BRIEF » Restate every entry verbatim; drop the pictures.

· · ·

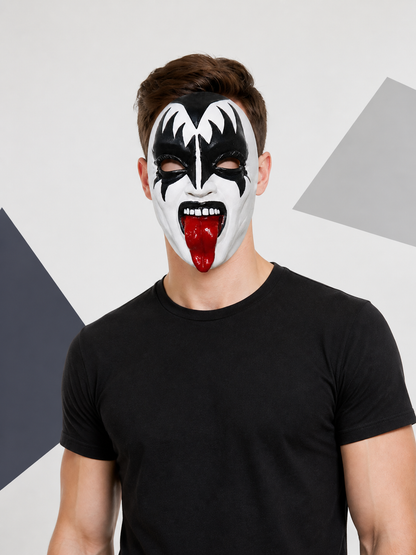 Black-and-White Cosplay Mask with Red Tongue for Halloween Costume Masks detail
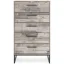 Transitional Whitewash Pine 5-Drawer Chest with Pewter-Tone Pulls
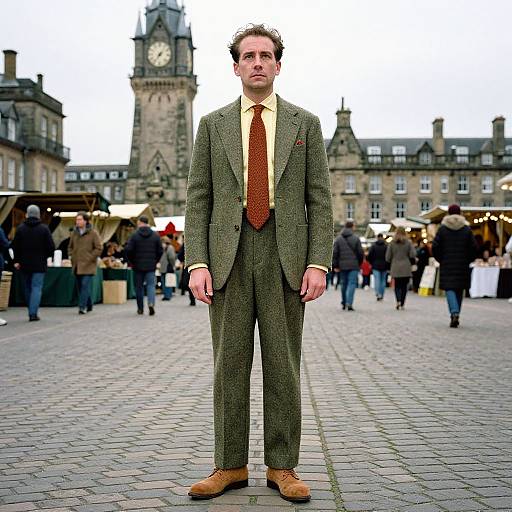 Photograph of a man in a green tweed suit, brown shoes, and red tie standing in a busy, cobblestone town square with historic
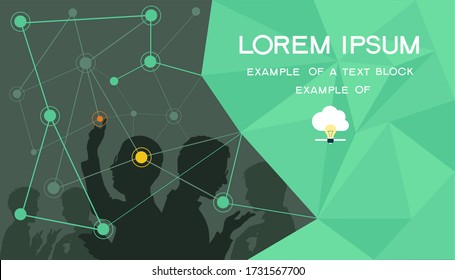 Vector background. Cloud computing concept. Man and the World Wide Web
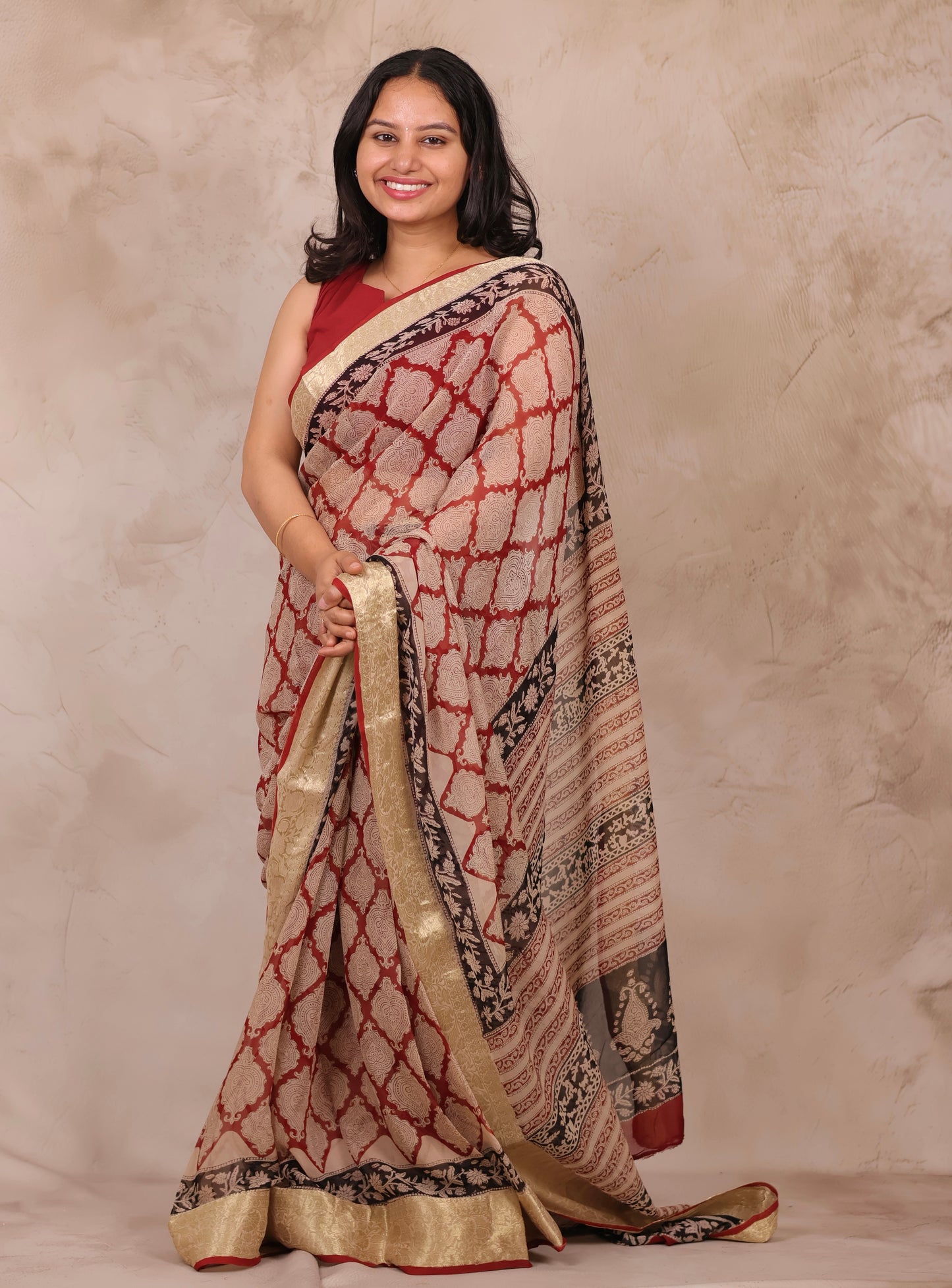 Maroon Chiffon Hand Block Printed Saree with Jari Border | Looms & Tassels
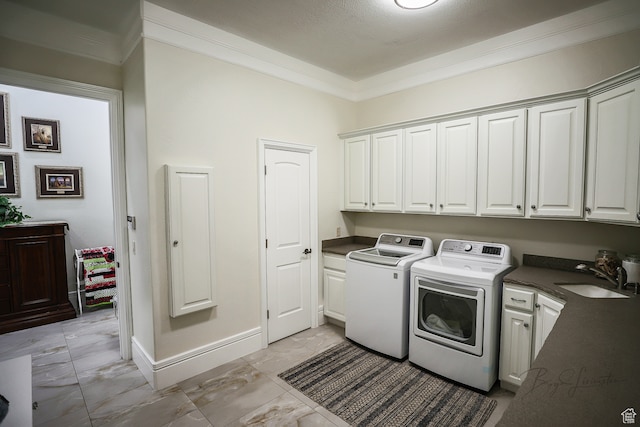 836 E St James Ln, St George, UT 84790 - laundry area with light tile flooring, sink, cabinets, and washer and dryer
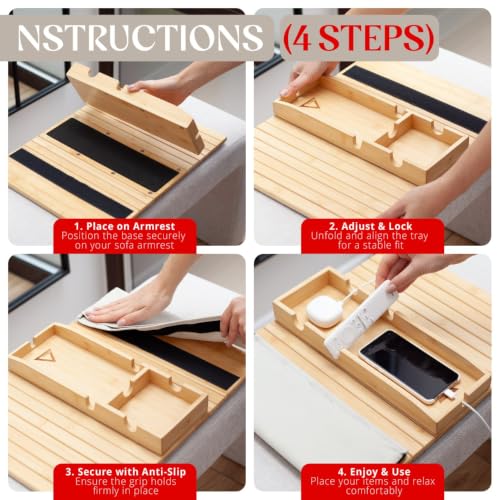 Bamboo Sofa Arm Tray with Strong Magnets – Stable Wood - Image 7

· · ·

ANSWER BOX »
 Black-and-White Cosplay Mask with Red Tongue for Halloween Costume Masks detail
 Transitional Whitewash Pine 5-Drawer Chest with Pewter-Tone Pulls
 Photograph of a man in a green tweed suit, brown shoes, and red tie standing in a busy, cobblestone town square with historic
 Vector background. Cloud computing concept. Man and the World Wide Web
 Maroon Chiffon Hand Block Printed Saree with Jari Border | Looms & Tassels
 836 E St James Ln, St George, UT 84790 - laundry area with light tile flooring, sink, cabinets, and washer and dryer
 Bamboo Sofa Arm Tray with Strong Magnets – Stable Wood - Image 7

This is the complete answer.